Launay 11 Août 1879.

Mon Père chéri,

Bien qu’Émilie[1] t’ait écrit hier[2] et que je n’aie absolument rien à te dire, je ne résiste pas à venir un petit moment auprès de toi pour que tu saches qu’on pense bien à toi ; on aurait peut-être pu faire meilleur emploi des 25 centimes que je vais coller sur ce papier noirci, mais ce n’est vraiment pas trop pour un si long voyage et puis tu verras au moins que j’ai le désir de combattre mes principes exagérés d’économie et si tu ne vois que cela dans ma lettre tu seras toujours content. Faut-il que j’aie peu de choses à te dire pour consacrer une page à ce préambule ! C’est que si nos journées sont très remplies nous faisons toujours un peu la même chose ; on se promène et on se repromène, on monte à la butte, ou en redescend et on y remonte encore ; on fait de fréquentes visites à la salle à manger où nous apportons tous des appétits dévorants ; on joue et on court beaucoup, on rit de même ; oncle[3] nous fait la lecture de Töpffer[4] et de ses voyages à lui qui sont charmants.

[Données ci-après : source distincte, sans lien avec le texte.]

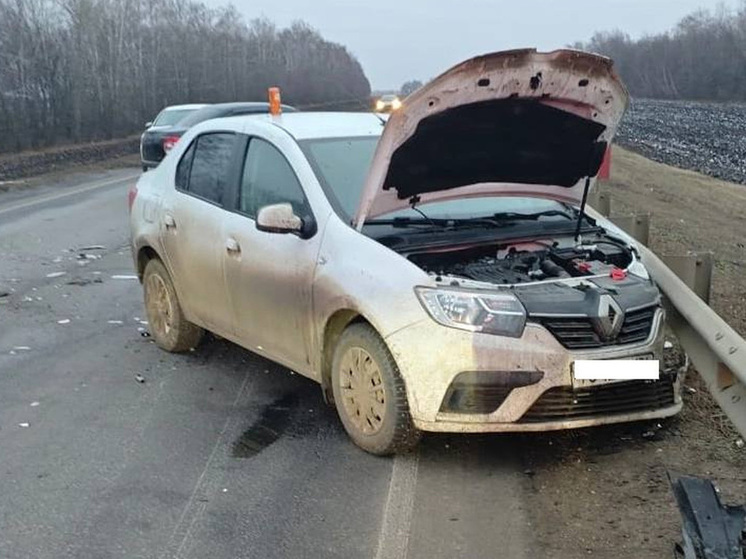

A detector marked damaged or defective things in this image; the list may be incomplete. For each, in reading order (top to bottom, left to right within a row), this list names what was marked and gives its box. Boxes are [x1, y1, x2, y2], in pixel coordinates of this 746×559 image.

damaged renault sedan [128, 49, 680, 456]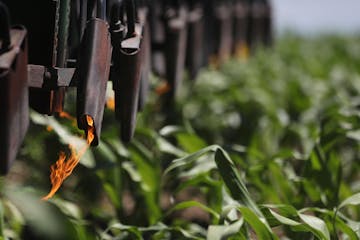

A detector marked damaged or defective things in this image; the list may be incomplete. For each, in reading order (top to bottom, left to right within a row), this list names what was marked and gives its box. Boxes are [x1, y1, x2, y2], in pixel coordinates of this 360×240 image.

Hier Émilie t’a écrit un peu vite car l’heure de la messe nous pressait, nous sommes allés tous en omnibus à Saint-Hilaire à la grand’messe de 10h qui a été fort courte car nous étions revenus ici à 11h1/2 ; après le déjeuner la pluie fine et serrée a commencé à tomber comme la veille malgré la chaleur et nous avons été quelque temps confinés au billard ; puis nous avons été nous installer sous le champignon, profitant des éclaircies pour faire un petit tour de jardin et enfin à 4h1/2 le mauvais temps ayant cessé nous avons entrepris une grande partie de cache-cache, oncle avec nous bien entendu, et je te réponds qu’on m’a fait courir ! il y avait longtemps que je ne m’étais livrée à semblable exercice et ce qui m’étonne c’est que je n’en ai pas été ni fatiguée ni courbaturée ; cela m’amuse bien dans ces conditions-là. Après le dîner nous avons reconduit oncle à la gare et nous avons été en ville chercher du thé pour bon-papa[5] qui était un peu indisposé (effet du cidre) mais aujourd’hui il va tout à fait bien. Ce matin nous nous sommes levées de bonne heure, avons fait nos lits puis avons été à la messe de 7h ; tu vois que c’était matinal ; il fait une chaleur étouffante, peut-être aurons-nous encore de l’orage, mais pour l’instant le ciel est splendide, et l’ ce qui nous fait regretter plus encore la présence d’oncle ; heureusement qu’il reviendra demain soit à 2h soit à 8h du soir.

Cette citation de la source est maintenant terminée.